In Connecticut, people with previous convictions may be eligible for a pardon. Also known as an expungement, this process removes crimes from your record, which is helpful when applying for jobs or professional licenses. The Connecticut Board of Pardons and Paroles explains what you should do when pursuing a pardon.
People have two options in the state when it comes a pardon. While a Certificate of Employability does not actually expunge your record, it does provide an assurance that the holder is employable despite his or her criminal background. As a result, it's not lawful to withhold employment based on the applicant's criminal history alone. An Absolute Pardon erases a criminal record so that it's not discoverable via background checks. With a felony conviction, you must wait at least five years after your most recent conviction. With misdemeanors, you must wait at least three years before applying for a pardon. You must also not have any charges or cases pending when you apply.

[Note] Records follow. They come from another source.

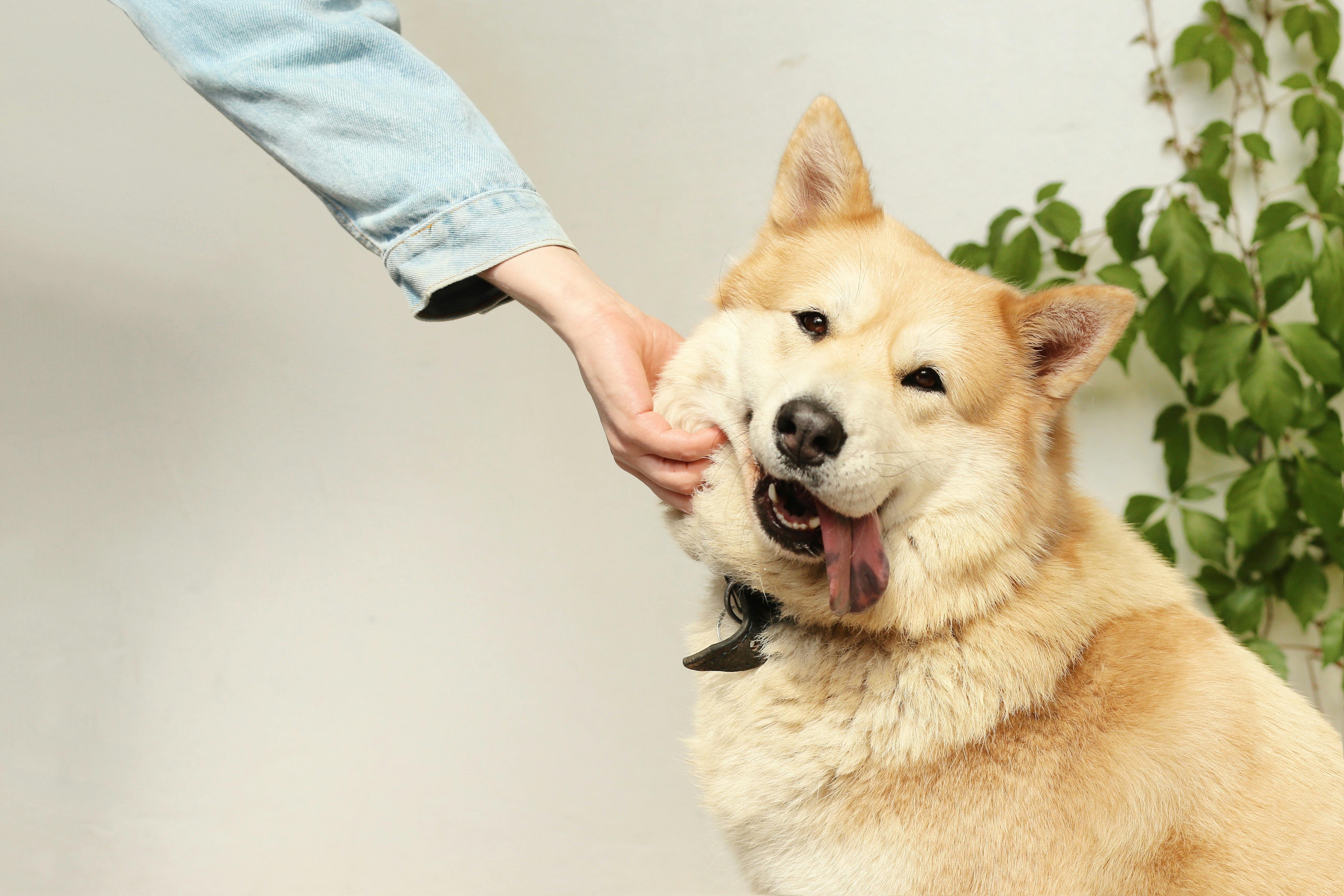 dog owner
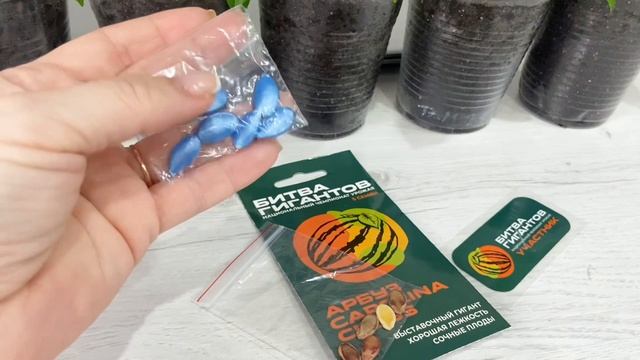 Буду выращивать гигантский арбуз «Каролина кросс».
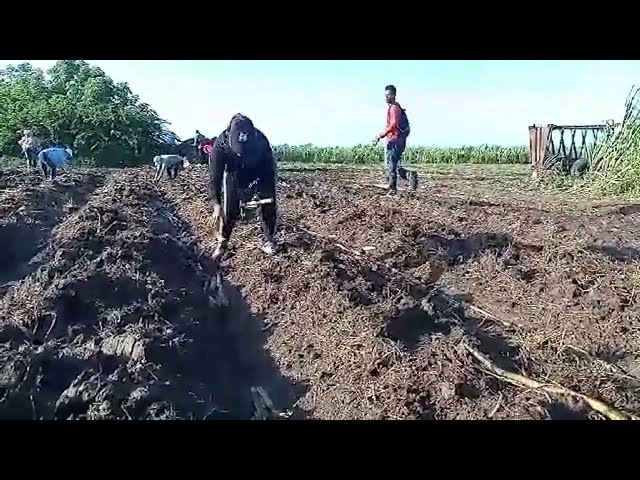 ⁣Realizan trabajo voluntario masivo en áreas cañeras de #Majibacoa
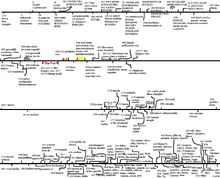 Timeline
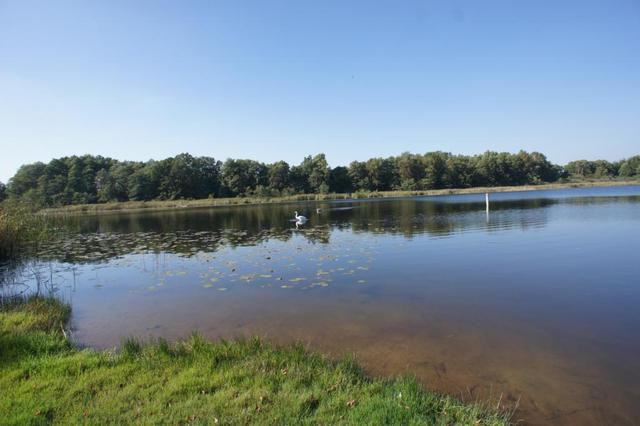 Działka Sprzedaż Dobra 3 Maja 13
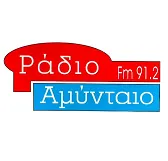 Αμύνταιο 91.2 logo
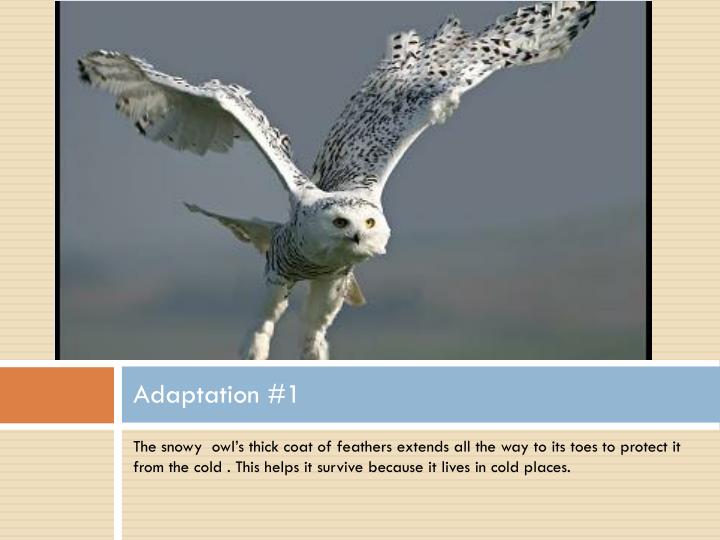 PPT - THE SNOWY OWL PowerPoint Presentation - ID:2530638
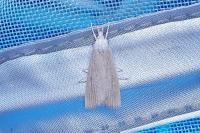 Calamotropha paludella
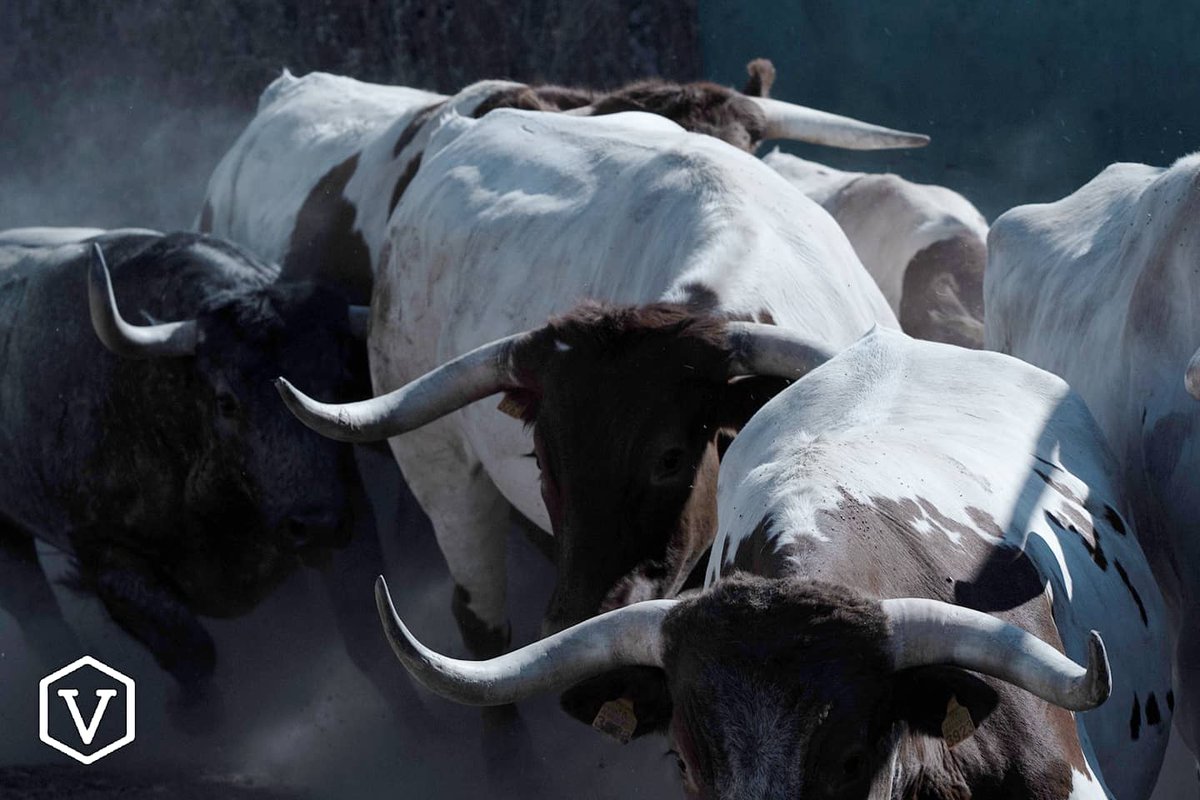 CASTELLÓN I ALLÁ VAMOS

#adolfomartin #castellon #embarque #24junio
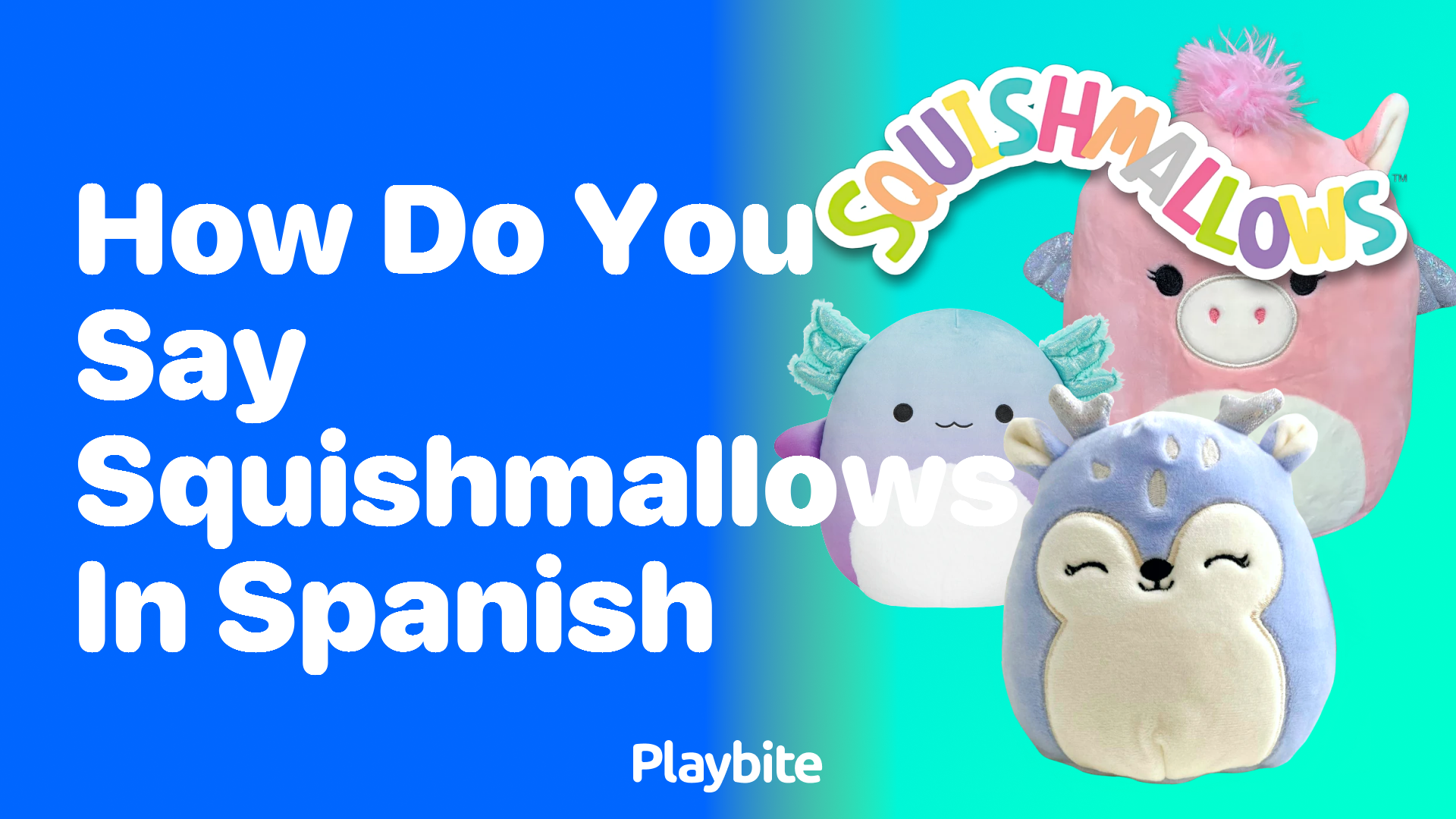 How Do You Say Squishmallows in Spanish?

You're responsible for listing all criminal convictions to be considered for expungement. Most of this information can be found on The Connecticut State Police criminal history report. Out-of-state or federal charges will not be listed, so it's your responsibility to include those as well as any others. It's important to list all crimes and any relevant information for the review board. Errors or omissions may result in your application being denied.
Once you've supplied all pertinent information, the review board will look over your criminal history to make a determination on your request. Many different departments, including the State Police, the Pardons Board, and the Probation Department, will need to review your crimes to make a decision. How long it takes for your application to be processed can vary. It usually depends on how many cases are currently being reviewed and the complexity of your criminal background.